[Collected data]
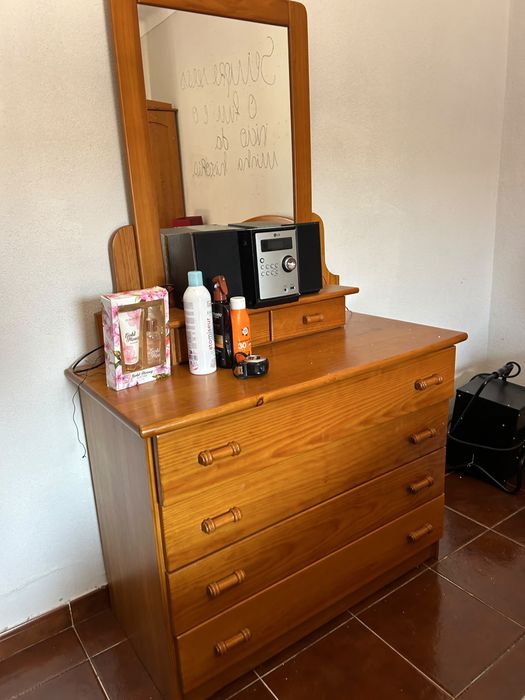 Movel com espelho de quarto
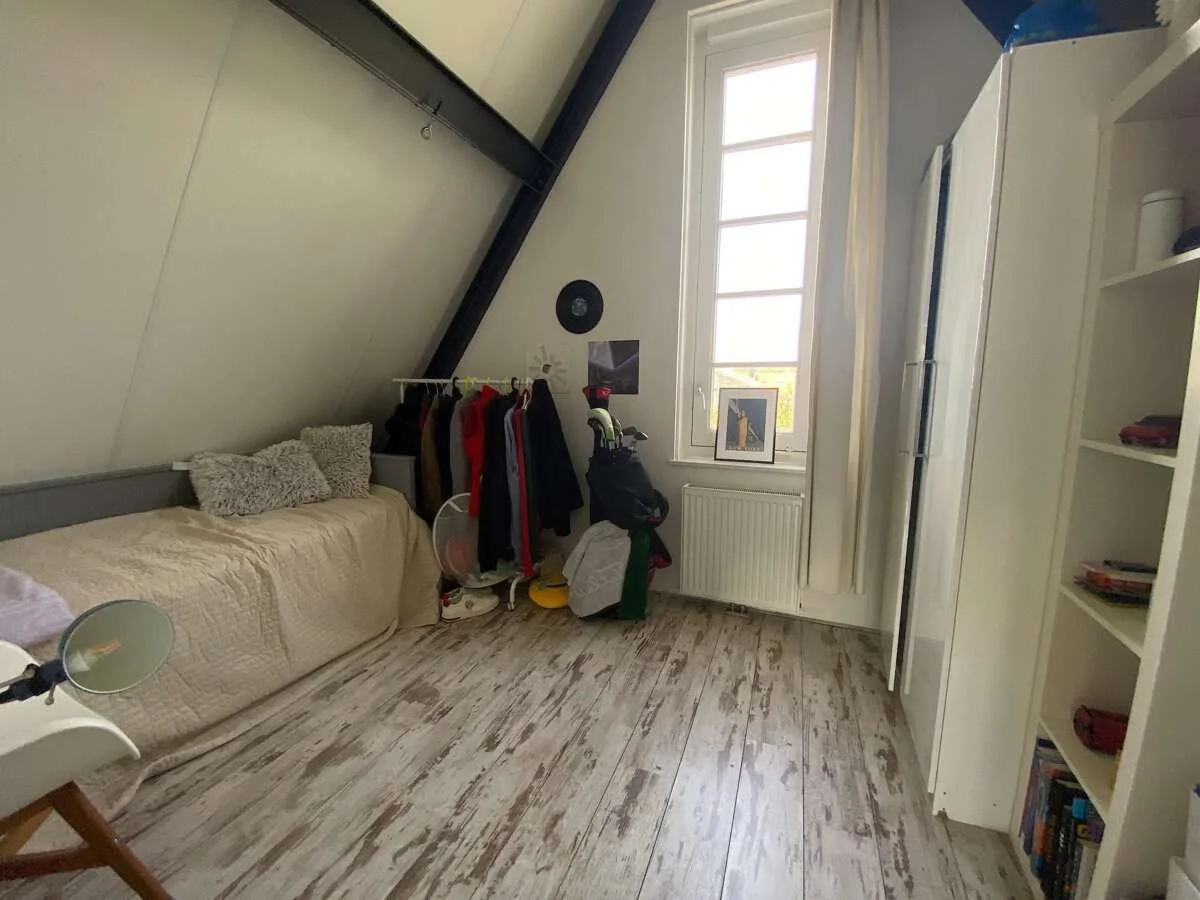 Foto van de Appartement gelegen aan de Badlaan in Amstelveen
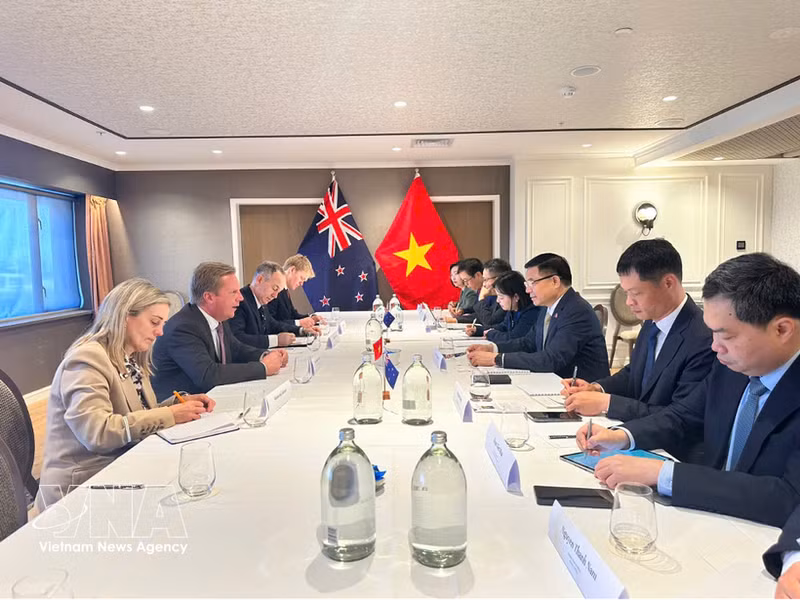En una reunión celebrada hoy entre el ministro vietnamita de Industria y Comercio, Le Manh Hung, y su homólogo neozelandés de Comercio e Inversión, Todd McClay. (Fuente: VNA)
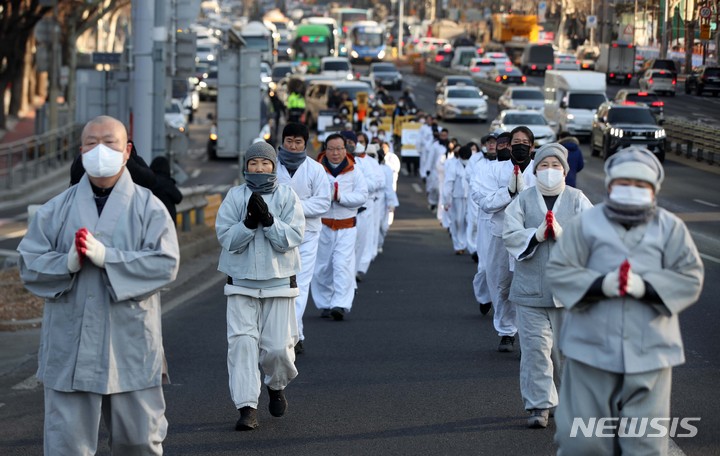 [서울=뉴시스] 김선웅 기자 = 비정규직 이제 그만 공동투쟁이 29일 서울 마포구 마포역 일대에서 출발해 국회의사당 방면으로 오체투지 행진을 하며 노조법 2·3조 개정을 촉구하고 있다. 2022.12.29. mangusta@newsis.com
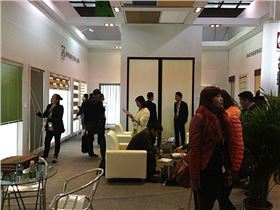 金鳳凰窗簾品種多樣，是不錯(cuò)的選擇！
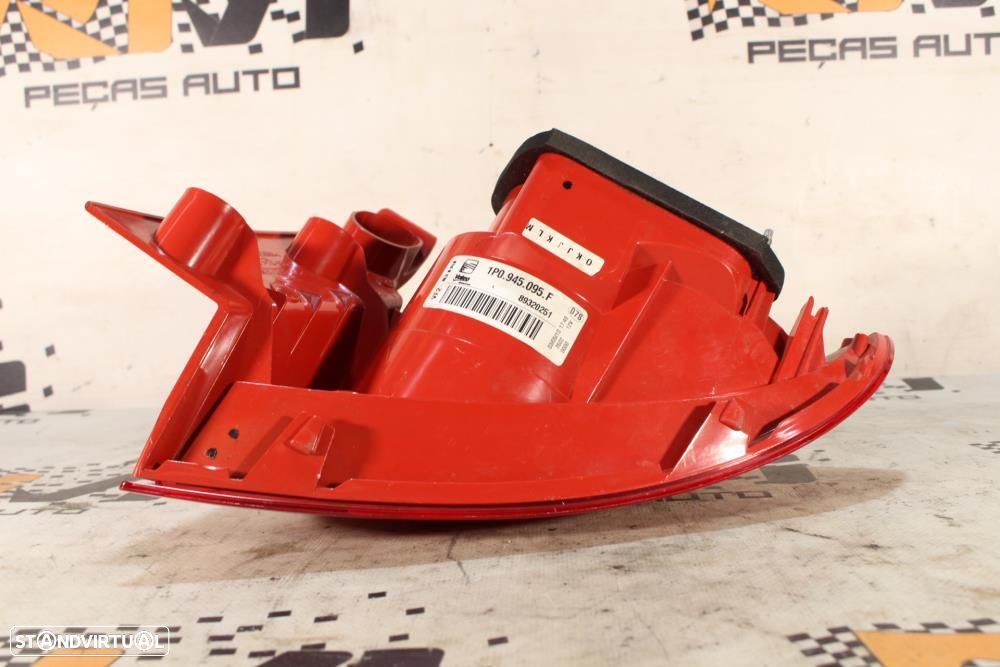Farolim Esquerdo Seat Leon (1P1)  1P0945095f / 89320251 / Chassi Condu - 6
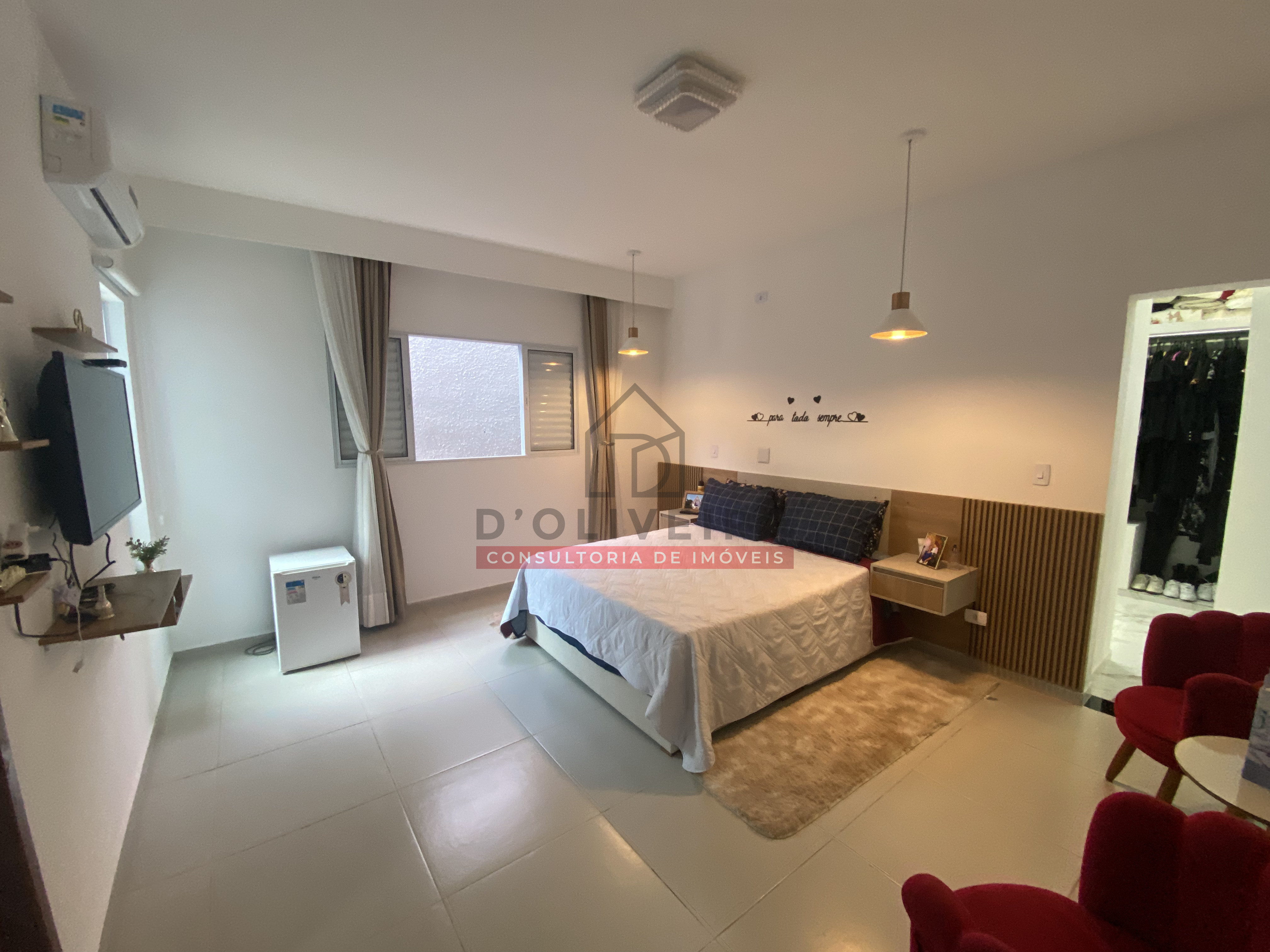 Casa com piscina e churrasqueira no Flora Rica 2 - Peruíbe - SP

Exercise. Your answer must be an exact copy of the lines from the one with "Farolim Esquerdo Seat" through the final line of the data, both included, without any pictures.

Written answer.
Farolim Esquerdo Seat Leon (1P1)  1P0945095f / 89320251 / Chassi Condu - 6
 Casa com piscina e churrasqueira no Flora Rica 2 - Peruíbe - SP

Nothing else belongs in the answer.